• [Your objective]:
Will you write out the data exactly, excluding every picture?

--------

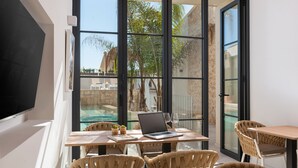 A modern outdoor dining area with wicker chairs, a laptop, and a glass table. - Placeta Vella Turismo de Interior (Selva)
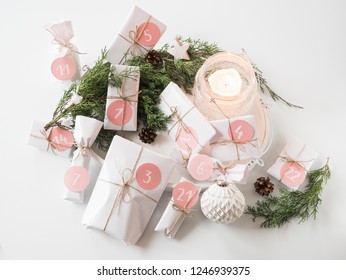 Modern and stylish self-made advent calendar - beautiful white gifts with pink numbers on a white background with candle, christmas baubles, fir branches and cones - beautiful christmas decoration - Powered by Shutterstock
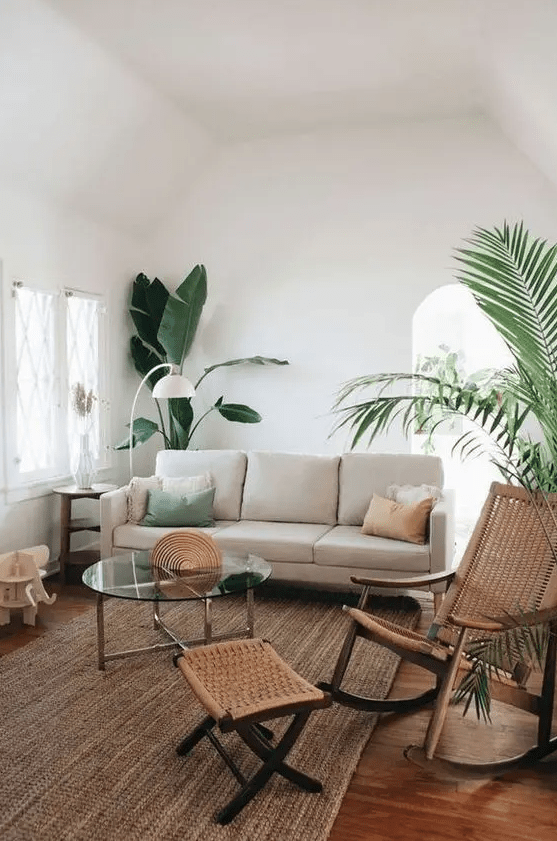 a modern neutral living room with a neutral sofa, a woven rocker and a footrest, a jute rug, a glass coffee table and potted plants is a chic space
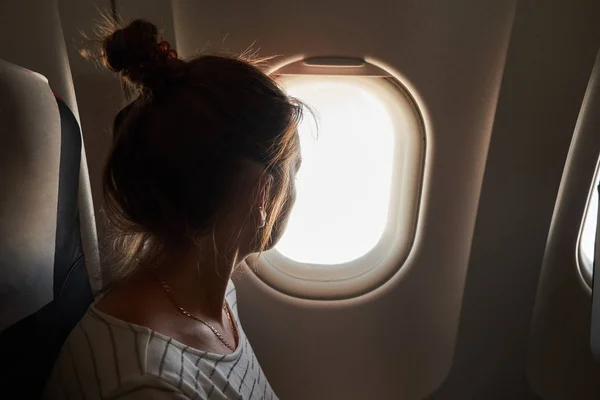 Mädchen schauen aus dem Fenster des Flugzeugs. — Stockfoto
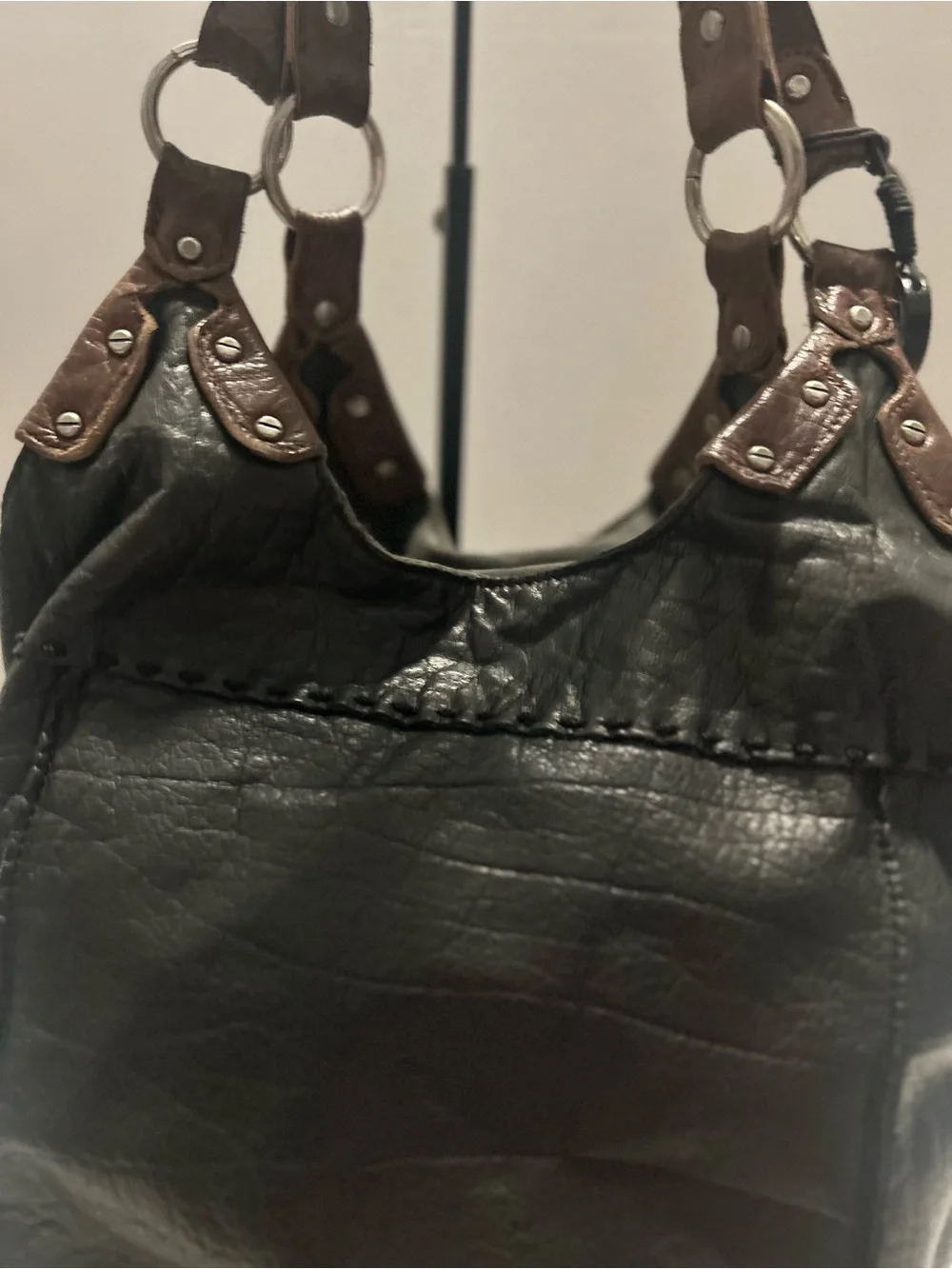 The Sak Black Leather Hobo Bag with Brown Trim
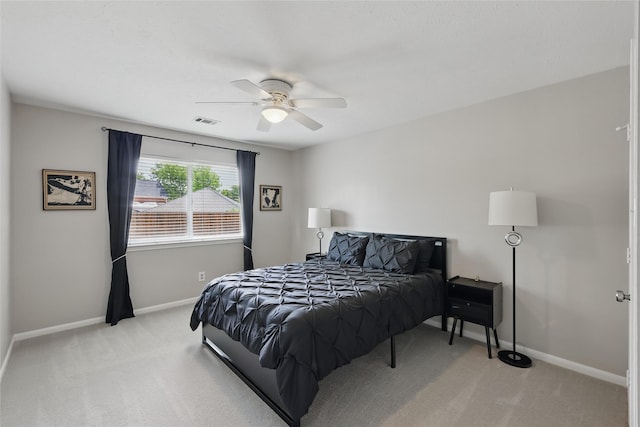 bedroom with light colored carpet, baseboards, and a ceiling fan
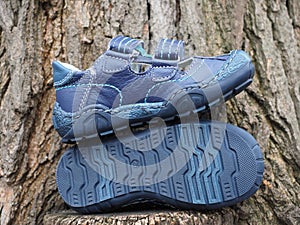 Children`s shoes on a wooden background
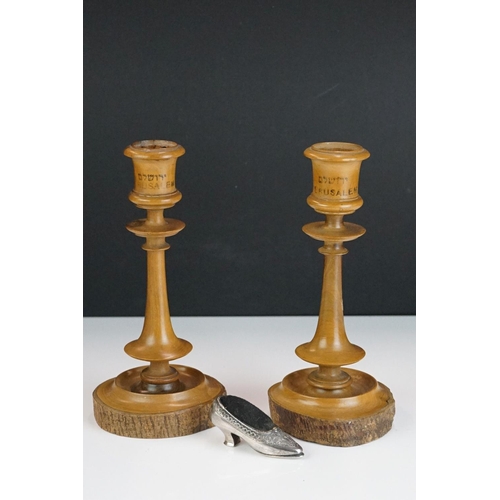 338 - A pair of turned olive wood candlesticks from Jerusalem together with a pin cushion in the form of a... 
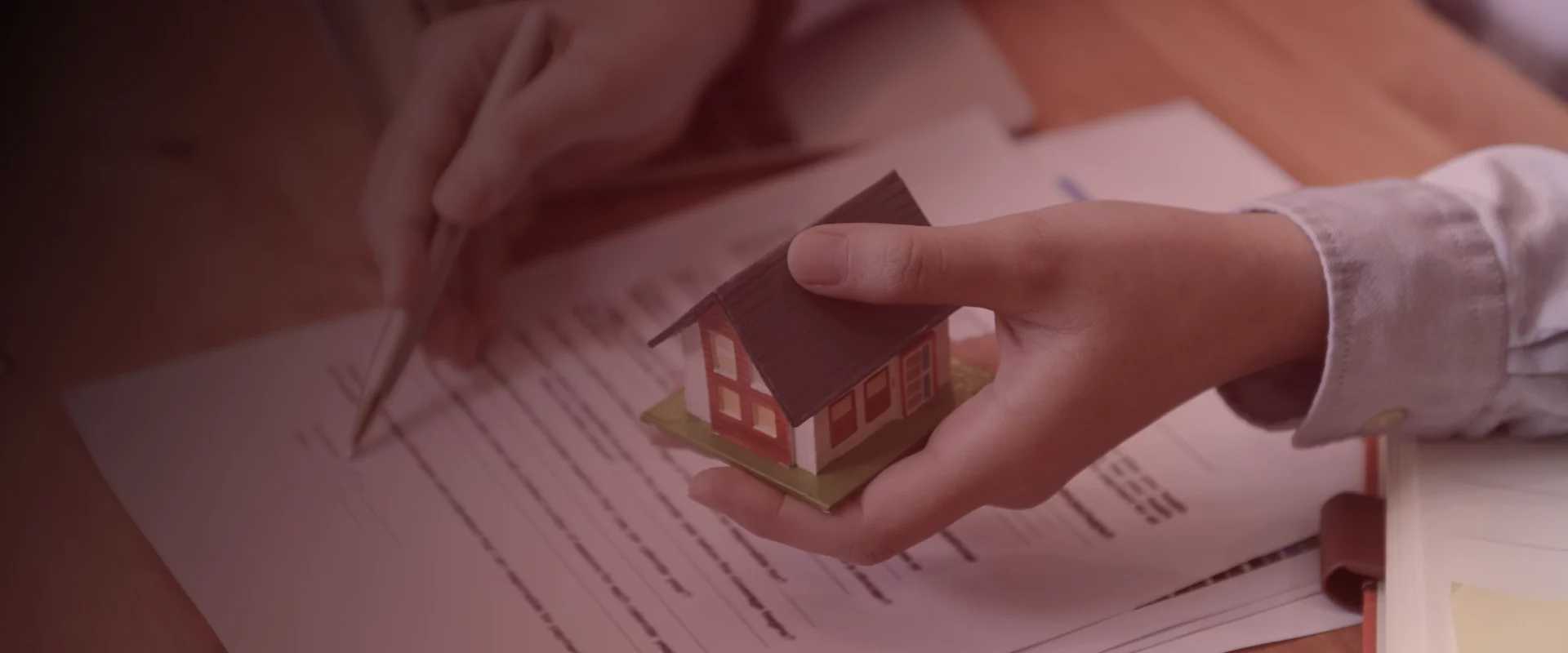 home inspector explaining inspection report to client and holding small house scale model valencia pa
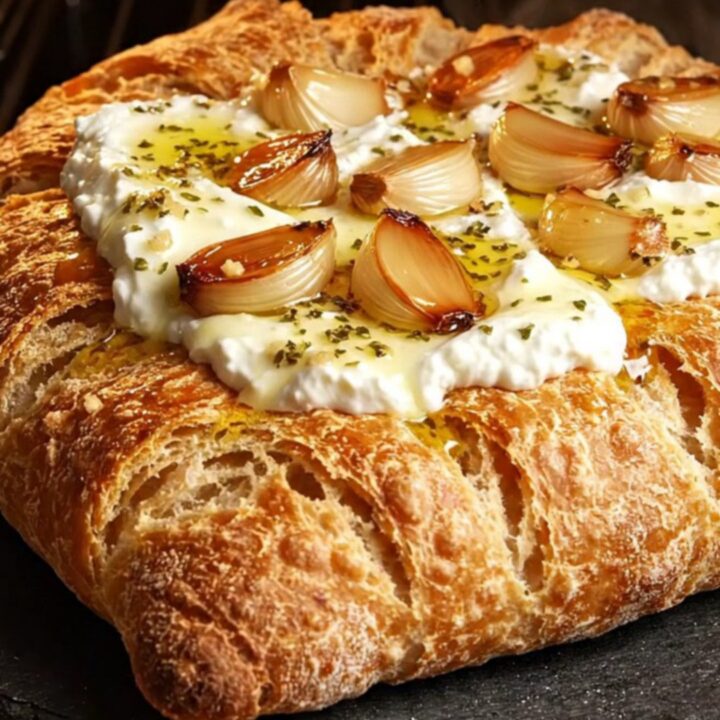 A close-up shot of crispy fougasse bread topped with fluffy whipped ricotta, roasted garlic cloves, and a drizzle of honey.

--------

• [Response below]:
 A modern outdoor dining area with wicker chairs, a laptop, and a glass table. - Placeta Vella Turismo de Interior (Selva)
 Modern and stylish self-made advent calendar - beautiful white gifts with pink numbers on a white background with candle, christmas baubles, fir branches and cones - beautiful christmas decoration - Powered by Shutterstock
 a modern neutral living room with a neutral sofa, a woven rocker and a footrest, a jute rug, a glass coffee table and potted plants is a chic space
 Mädchen schauen aus dem Fenster des Flugzeugs. — Stockfoto
 The Sak Black Leather Hobo Bag with Brown Trim
 bedroom with light colored carpet, baseboards, and a ceiling fan
 Children`s shoes on a wooden background
 338 - A pair of turned olive wood candlesticks from Jerusalem together with a pin cushion in the form of a... 
 home inspector explaining inspection report to client and holding small house scale model valencia pa
 A close-up shot of crispy fougasse bread topped with fluffy whipped ricotta, roasted garlic cloves, and a drizzle of honey.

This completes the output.